### Task instructions
Your task is to give the listing below back word for word, pictures excluded.

##### Recorded data

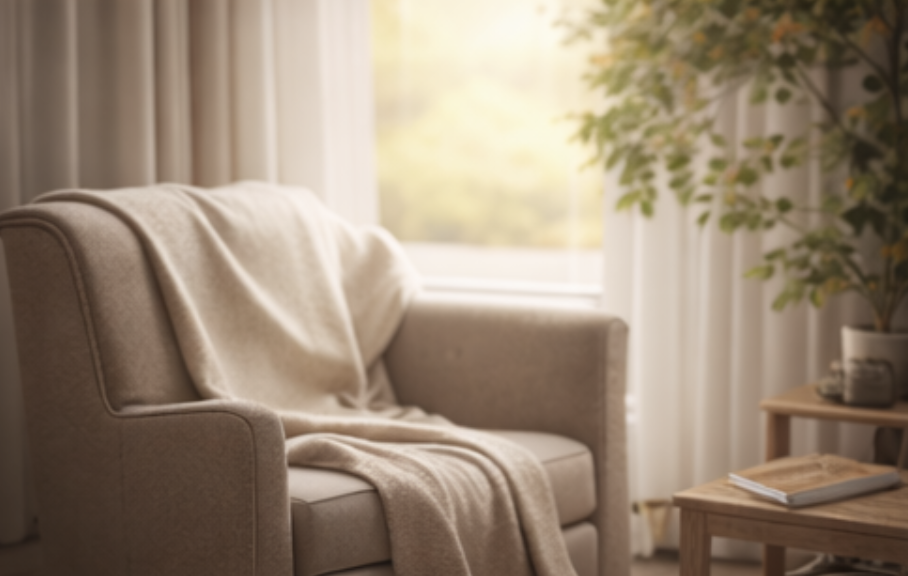 Quiet chair by a window with soft natural light, reflecting pause, balance, and emotional wellbeing in September.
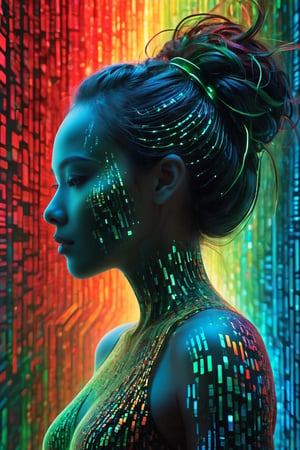 high quality, 8K Ultra HD, by FuturEvoLab, Imagine a vibrant canvas illuminated by a cascade of colorful binary code, forming the silhouette of a captivating woman, The dynamic lines and patterns, reminiscent of a digital dance, weave together to create a harmonious fusion of technology and art, The binary code, in hues ranging from electric blues to radiant reds and vivid greens, breathes life into the woman's form, Her silhouette emerges as a synthesis of the digital and the organic, a testament to the seamless integration of technology and beauty in your masterful creation, high detailed, 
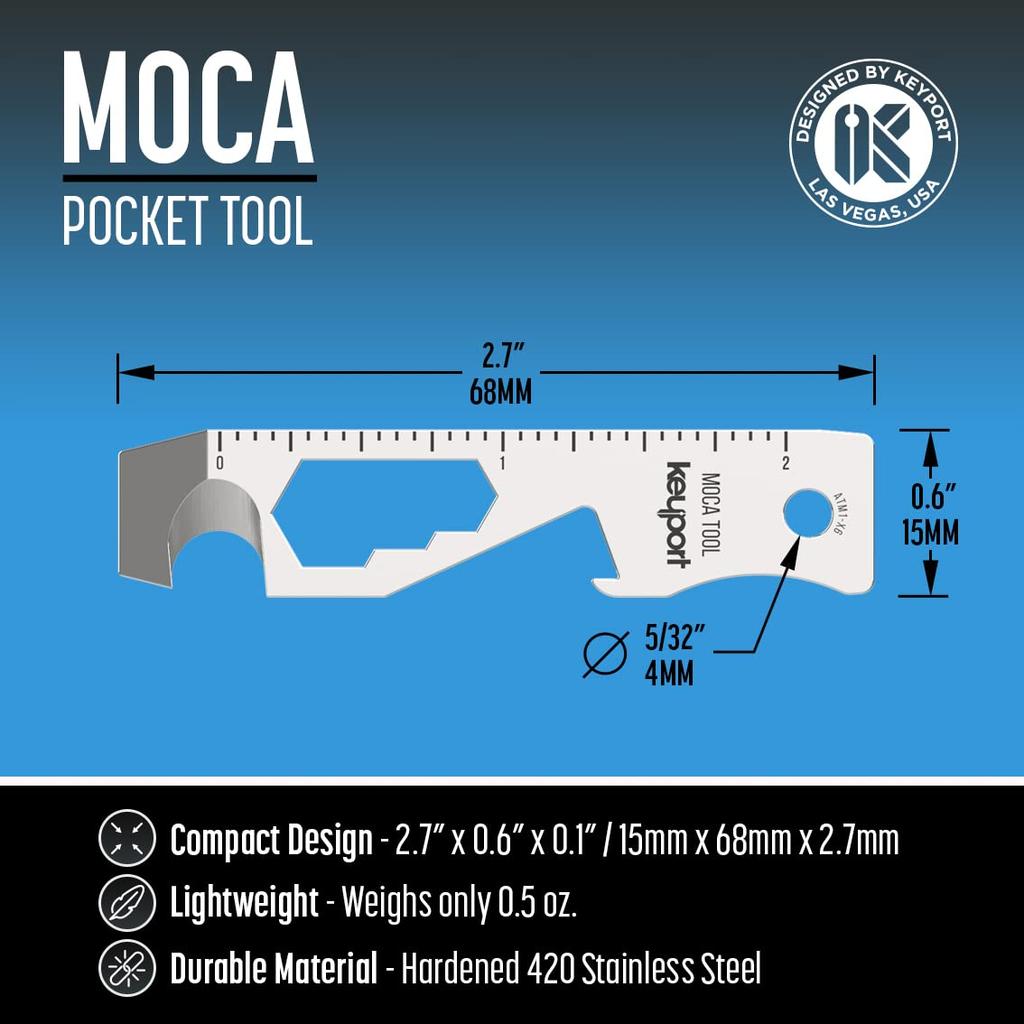 Keyport MOCA Key Tool Keychain Cord Box Scoring Hex Bit 3 TSA Keyport Pivot Keychain Size 10-in-1 Multi-Tool (Bottle Opener, Screwdriver, Cutter,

##########

### The answer
 Quiet chair by a window with soft natural light, reflecting pause, balance, and emotional wellbeing in September.
 high quality, 8K Ultra HD, by FuturEvoLab, Imagine a vibrant canvas illuminated by a cascade of colorful binary code, forming the silhouette of a captivating woman, The dynamic lines and patterns, reminiscent of a digital dance, weave together to create a harmonious fusion of technology and art, The binary code, in hues ranging from electric blues to radiant reds and vivid greens, breathes life into the woman's form, Her silhouette emerges as a synthesis of the digital and the organic, a testament to the seamless integration of technology and beauty in your masterful creation, high detailed, 
 Keyport MOCA Key Tool Keychain Cord Box Scoring Hex Bit 3 TSA Keyport Pivot Keychain Size 10-in-1 Multi-Tool (Bottle Opener, Screwdriver, Cutter,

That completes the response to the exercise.